O recurso a estes instrumentos de troca de dívida pode ter particular relevância em países com dívida externa significativa e/ou profundamente afectados pelas alterações climáticas, como é o caso de países como Cabo Verde e Moçambique.

Em junho de 2023, Cabo Verde e Portugal celebraram um acordo para trocar dívida pública por investimentos no fundo ambiental e climático do arquipélago (a ser criado). Ao abrigo deste acordo, Portugal comprometeu-se em converter dívida no valor de € 12 milhões para apoiar o financiamento e investir na transição climática de Cabo Verde até 2025. Dependendo dos resultados do projeto, a partir de 2025 as partes acordaram alargar o mecanismo de conversão ao valor restante da dívida, ou seja, cerca de € 140 milhões. Paralelamente, Cabo Verde já demonstrou a intenção de abordar outros países e outras instituições bilaterais e multilaterais, perante as quais Cabo Verde é devedor, para que possam trocar dívida por natureza e assim aumentar a capacidade financeira do fundo climático e ambiental, com o objetivo de acelerar a transição energética.

Por outro lado, em Dezembro de 2023, os Governos da Bélgica e de Moçambique aprovaram a troca de dívida por ação climática (debt-for-climate swap), em resultado a Bélgica acordou cancelar parte da dívida de Moçambique no montante de € 2,4 milhões em contrapartida da implementação de programas de ação e resiliência climática, nomeadamente a instalação de sistemas de aviso prévio de ciclones.

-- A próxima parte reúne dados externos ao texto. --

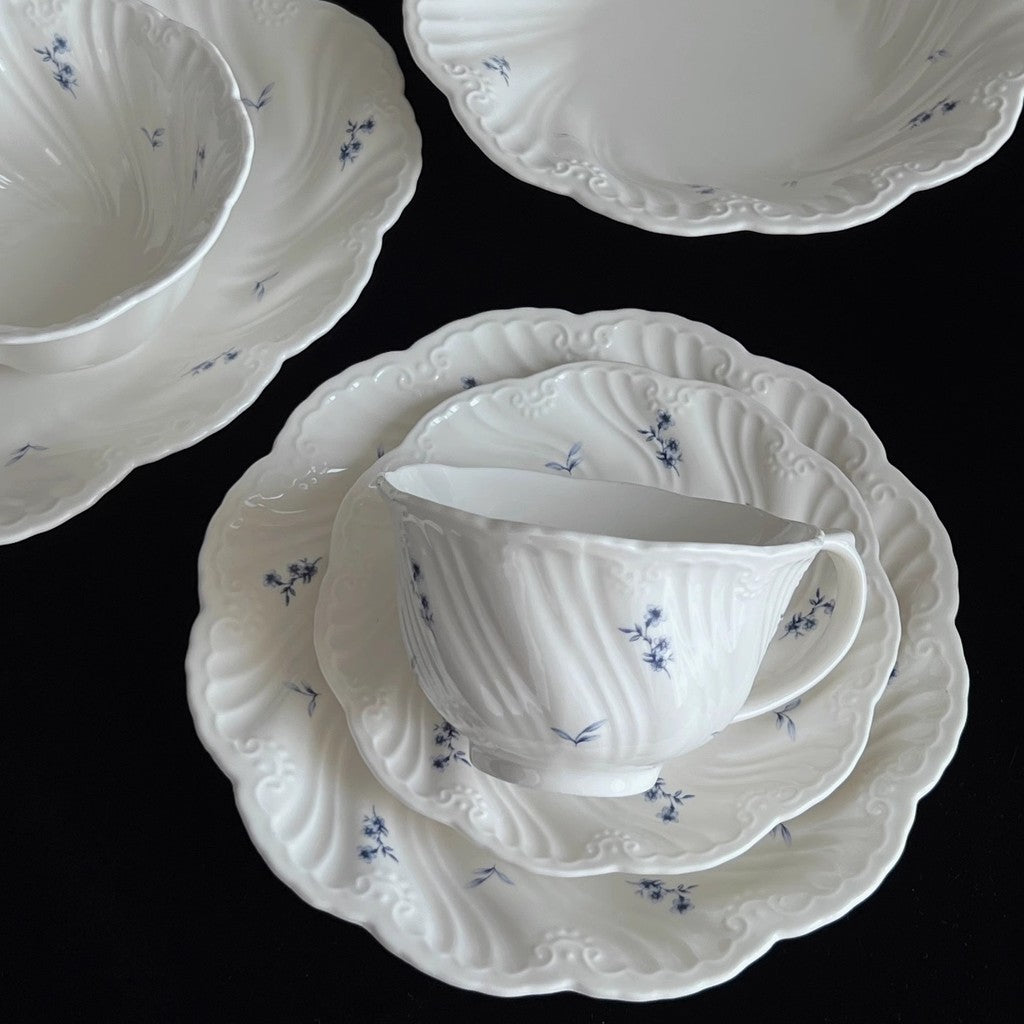 Locaupin Pure White Ceramic Dinnerware, Round Serving Bowls, Tableware for Steak, Salad Pasta Bowls Dinner Sets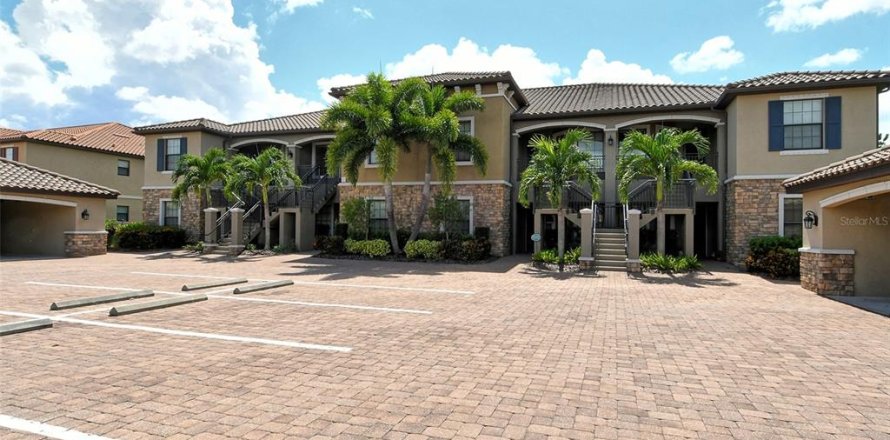 Condominio en Bradenton, Florida, 2 dormitorios № 1612383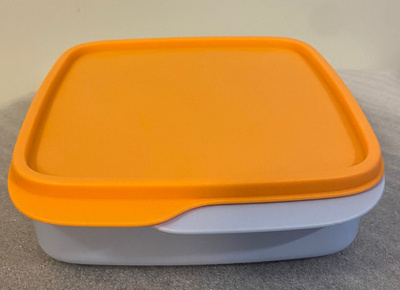 TUPPERWAREN PIENI SNACKSRASIA 5,5dl
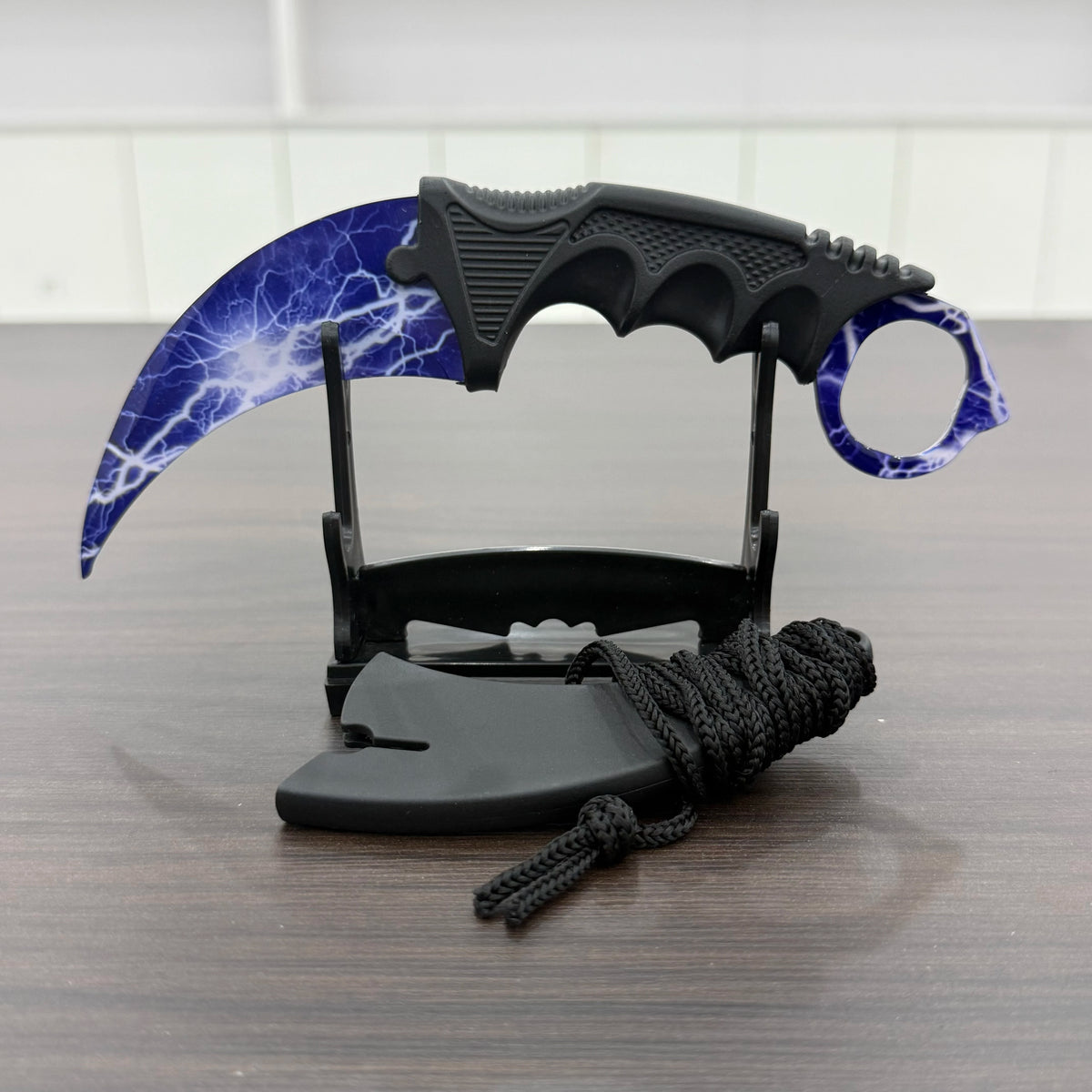 Sakura Karambit Toy – Cosplay Prop & Decorative Claw Model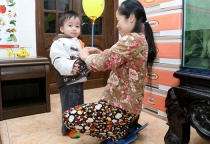 Thuê Người Chăm Em Bé Tại Nhà TPHCM – Giúp Việc Tân Bình 13 Năm KN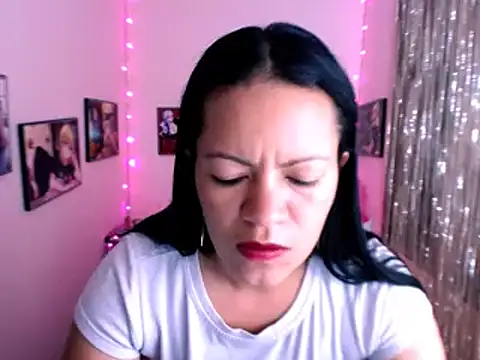 Snapshot of Cristal_w chatting on 01/16/25, 06:59 Cristal w online show from 01/16/25, 06:59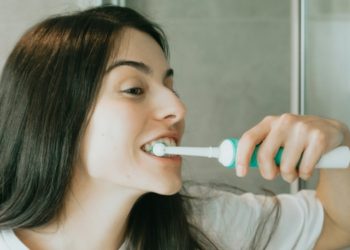 The Evolution of Oral Care: How Modern Toothbrushes Are Changing Dental Hygiene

Para além disso, Cabo Verde parece estar claramente empenhado na promoção da economia verde e azul, tendo aprovado a criação de instrumentos financeiros para o efeito, como os chamdos títulos verdes e azuis (green and blue bonds) – i.e. instrumentes financeiros representativos de dívida que, tal como as obrigações ditas “clássicas”, conferem ao seu titular um direito de crédito face à entidade que as emite com a particularidade de o capital subscrito pelos investidores dever ser aplicado a fins específicos, em especial, projetos relacionados com o desenvolvimento sustentável ou com a obtenção de benefícios de cariz ambiental e a mitigação das alterações climáticas. A primeira emissão de blue bonds em Cabo Verde ocorreu em 2023 na Bolsa de Valores de Cabo Verde, através da qual foram colocadas à subscrição 35 mil obrigações, ao preço de 10 mil escudos cada, com maturidade a cinco anos e taxa de juro de 4%, para financiar projetos na área da economia azul. Em relação a Moçambique, existem já indícios de que o Estado pretende também aprovar, já este ano, legislação sobre instrumentos de financiamento sustentável, onde se incluem as green e blue bonds, mas também outro tipo de obrigações de finalidade específica, como as obrigações de responsabilidade social.

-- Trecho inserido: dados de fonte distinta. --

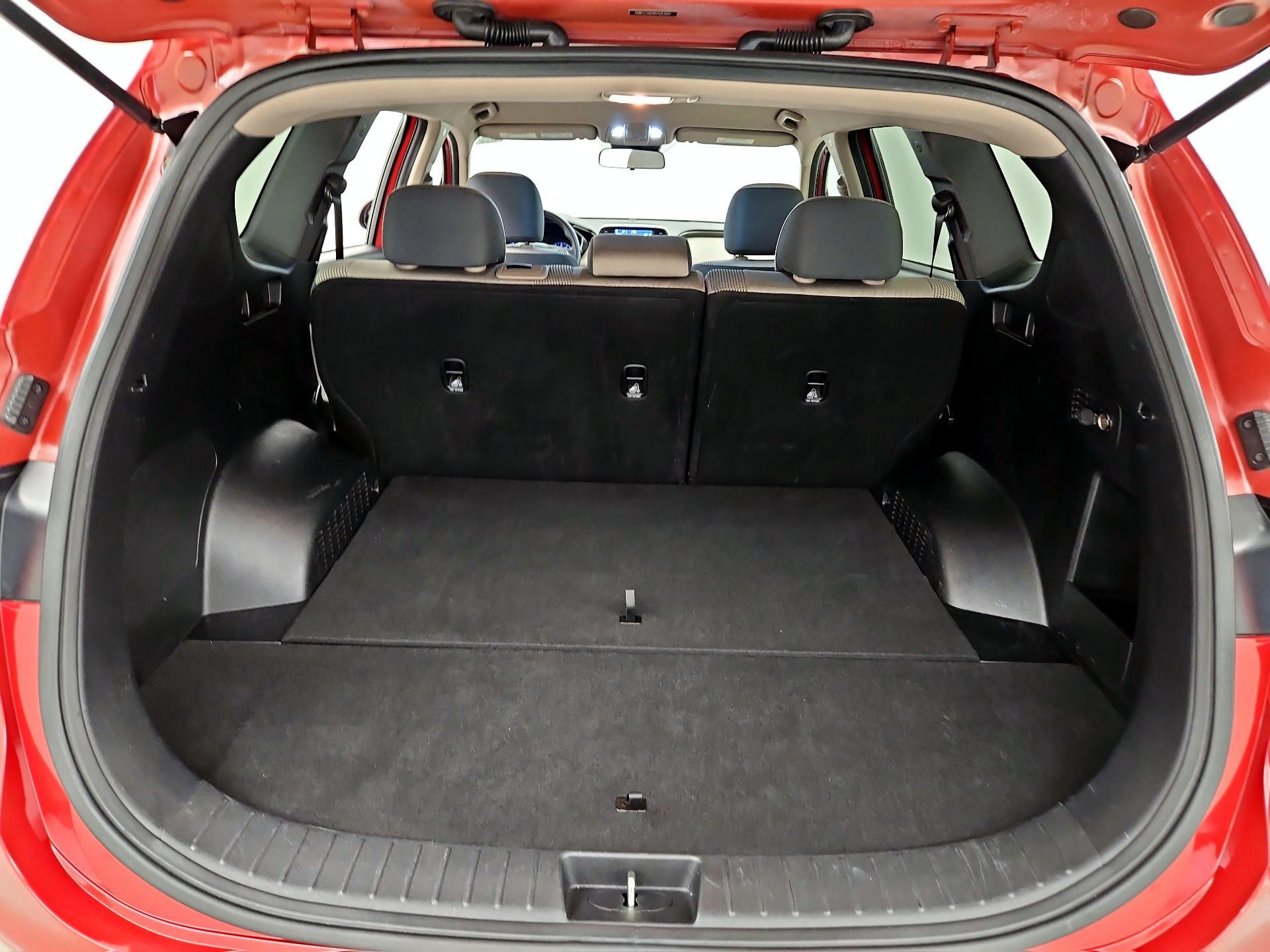 Thumbnail: 2019 Hyundai Santa Fe - 20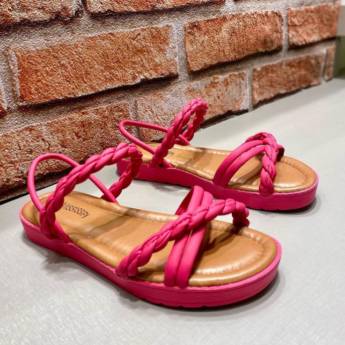 Comprar o produto de Apaixonada estou! em Moda Feminina em Aracaju, SE por Solutudo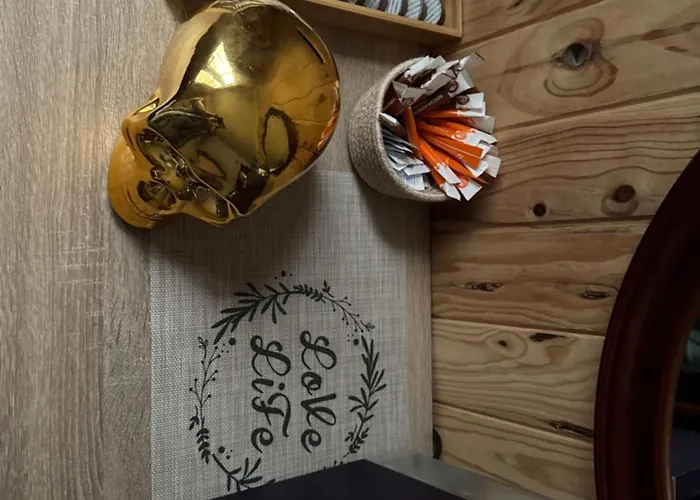 ゲストハウス ペンション ビスタ アレグレ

Considerando o expectável aumento do interesse dos países do Norte Global em investir em projectos climáticos nos países do Sul Global, ao abrigo nomeadamente dos mecanismos previstos no Acordo de Paris, países como Cabo Verde e Moçambique devem esforçar-se por se posicionar como destinos atrativos. Ambos os países parecem estar no caminho certo e têm demonstrando abertura para adoção de instrumentos financeiros inovadores e adaptação da legislação interna para o efeito. No entanto, é importante que ambos os países sejam proativos – tanto na abordagem aos credores, como na produção legislativa – de modo a que não venham a perder oportunidades de angariação de financiamento climático, porventura, irrepetíveis.